Zhang Shou (张寿; 1930 – 1 October 2001) was a Chinese politician.

He was a member of the 12th and 13th Central Committee of the Chinese Communist Party. He was a member of the Standing Committee of the 8th and 9th National People's Congress.

==Early life and education==
Zhang was born in Changshu, Jiangsu, in 1930. He graduated from Shanghai Jiao Tong University and worked there after graduation.

==Career==
In 1958, he was appointed as deputy director of the Shanghai Atomic Energy Professional Committee.

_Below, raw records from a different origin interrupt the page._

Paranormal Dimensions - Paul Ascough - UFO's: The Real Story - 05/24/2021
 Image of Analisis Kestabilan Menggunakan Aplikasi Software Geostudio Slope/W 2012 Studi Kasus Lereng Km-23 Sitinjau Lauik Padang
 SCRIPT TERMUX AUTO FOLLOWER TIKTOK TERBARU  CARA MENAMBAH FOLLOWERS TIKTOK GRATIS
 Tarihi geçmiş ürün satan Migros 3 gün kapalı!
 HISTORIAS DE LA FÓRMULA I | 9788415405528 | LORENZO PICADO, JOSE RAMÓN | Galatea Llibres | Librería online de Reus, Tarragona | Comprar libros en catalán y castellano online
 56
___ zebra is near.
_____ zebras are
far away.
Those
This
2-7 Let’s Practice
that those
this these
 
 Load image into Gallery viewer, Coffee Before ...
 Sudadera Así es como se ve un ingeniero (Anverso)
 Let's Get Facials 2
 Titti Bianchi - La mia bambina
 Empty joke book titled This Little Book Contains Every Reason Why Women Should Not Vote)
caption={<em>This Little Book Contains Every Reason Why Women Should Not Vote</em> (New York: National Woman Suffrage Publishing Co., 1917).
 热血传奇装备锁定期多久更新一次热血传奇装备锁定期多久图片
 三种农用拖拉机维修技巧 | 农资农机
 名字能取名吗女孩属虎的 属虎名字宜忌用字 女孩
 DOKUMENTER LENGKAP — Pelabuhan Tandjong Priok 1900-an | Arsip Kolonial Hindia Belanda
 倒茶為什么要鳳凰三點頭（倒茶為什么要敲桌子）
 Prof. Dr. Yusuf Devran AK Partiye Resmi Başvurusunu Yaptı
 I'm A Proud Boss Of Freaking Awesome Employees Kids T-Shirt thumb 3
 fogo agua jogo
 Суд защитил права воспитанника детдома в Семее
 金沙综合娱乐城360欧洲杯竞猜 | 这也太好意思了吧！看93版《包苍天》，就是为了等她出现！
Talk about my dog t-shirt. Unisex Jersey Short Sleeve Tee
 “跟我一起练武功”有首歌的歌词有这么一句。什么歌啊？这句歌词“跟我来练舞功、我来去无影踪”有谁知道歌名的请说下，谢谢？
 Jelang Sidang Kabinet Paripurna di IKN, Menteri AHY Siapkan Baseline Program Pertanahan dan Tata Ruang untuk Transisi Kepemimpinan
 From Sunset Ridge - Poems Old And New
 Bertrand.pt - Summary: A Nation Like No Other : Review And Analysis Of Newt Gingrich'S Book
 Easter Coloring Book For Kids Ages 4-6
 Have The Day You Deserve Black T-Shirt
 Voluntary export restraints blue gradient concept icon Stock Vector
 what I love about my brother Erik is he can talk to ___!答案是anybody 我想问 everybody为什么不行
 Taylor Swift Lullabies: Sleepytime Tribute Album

After the Cultural Revolution in 1976, he became deputy party secretary of Shanghai Jiaotong University. In 1982, he was chosen as deputy director of the National Planning Commission (now National Development and Reform Commission). In 1989, he was selected as general manager of China State Shipbuilding Corporation, a state owned shipbuilding enterprise which is known as China Shipbuilding Corporation. He was deputy director of the Economic and Trade Office of the State Council.

On 1 October 2001, he died in Beijing, at the age of 71.